A modification center had been built at the plant to handle quick turn-around products. The mod center would assemble common generic products that could easily be modified by the addition of lights, push-buttons, or meters. The Product Line Manager had developed an Excel spreadsheet with a series of about 30 tables that could be used to determine which catalog numbers fell into the mod category, which assembly would be used as the base to modify, and what parts to use to create the end product. S & S Systems developed Excel macros using VBA to automate this process. The macros contained more than 2,000 lines of VB code. Each of the 1,400 base assemblies had to be loaded into the MAPICS product structure file on the AS/400. We developed another macro using VBA to build a sequential file containing the transactions needed to load the item master and product structure files.

Miscellaneous

January 2009

S & S Systems had previously developed an interface for a plastics manufacturer from their custom order system to their QuickBooks accounting system. They had made some changes to the GL accounts and wanted to change the accounts associated with parts as they were imported into QuickBooks. We made the appropriate database changes to handle the new accounts and modified the import program to use the new account information.

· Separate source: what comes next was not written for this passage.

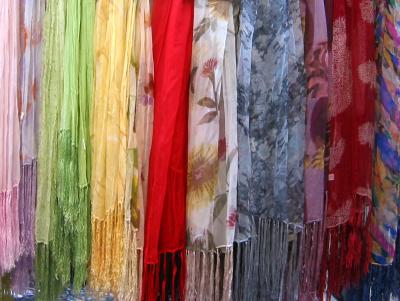 Silk Scarfs for Sale at Washington Square North Street Fair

August 2008 - November 2008

An audit firm that audits payables from customers to look for inconsistencies approached S & S Systems to develop a system for demonstrating their software to potential customers. We created a virtual machine with their software and sample data that could be used to demonstrate the features of the software, such as locating duplicate payments and missed discounts. The virtual machine was saved on a disc and could be copied to a PC for use whenever needed. Data could be manipulated during the demonstration, and then could be refreshed by copying it again from the disc. The concept was further enhanced to use virtual machines to perform audits. S & S set up the software to run on a virtual machine and procedures to integrate next year's data with the present data.

March 2004

Senior Consultant Andrew Sobey Jr. was invited to serve on the Vatterott College Accounting with Data Processing (ADP) Advisory Committee.

March 2003

S & S Systems developed a customer contact management system for a local supply company. The system we developed provided the company the ability to maintain customer information and follow-up information on its customers. The company gained the ability to enter data on tabs that are used to organize the information for the customer. S & S created a tab for call logs that is used to track phone calls and visits to the customer site. We added a customer profile tab that describes the customer's business. Additionally, our team designed a tab for comments about the customer, another one that identifies the types of products the customer purchases, and another that tracks competitive information.

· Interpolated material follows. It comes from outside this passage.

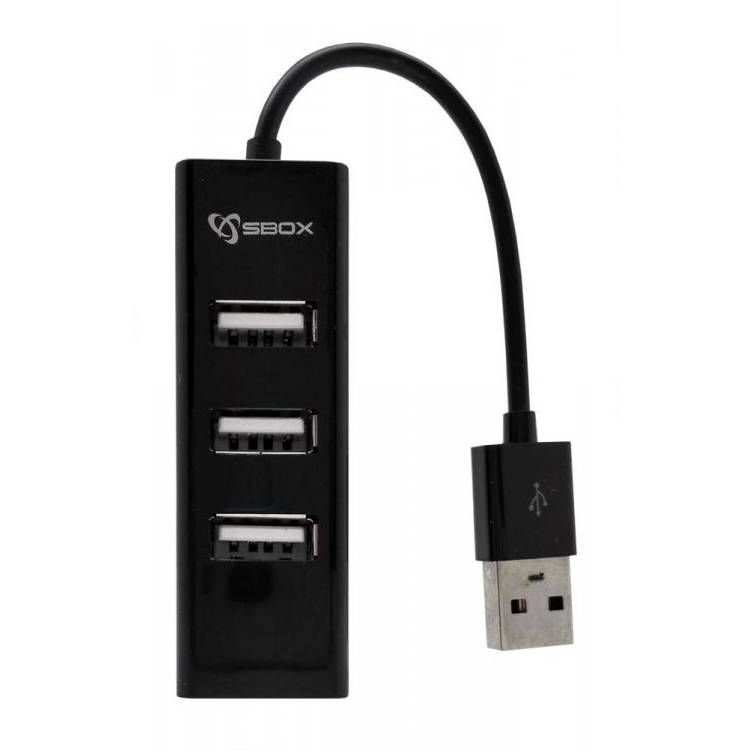 Hub USB H-204R 4 porturi USB 2.0 Negru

November 1999 - December 1999

S & S Systems worked with the Foreign Missions Division of a non-profit organization to develop a system for printing certificates of appreciation. Several certificate forms were developed containing pictures, graphics, and text fields depending on the type of missionary being supported. Each certificate was printed in its entirety on a blank sheet of paper using a color laser printer. The system S & S developed permitted a user to select a group of certificates to be printed using various selection criteria. During the print process, the certificates were grouped by mailing address, the appropriate certificate type was generated, and a mailing label was printed after the last certificate for an address was processed. The certificates were stuffed into a window envelop along with the label and were ready for mailing. The new system designed by S & S Systems greatly reduced the handling and costs associated with printing 65,000 certificates.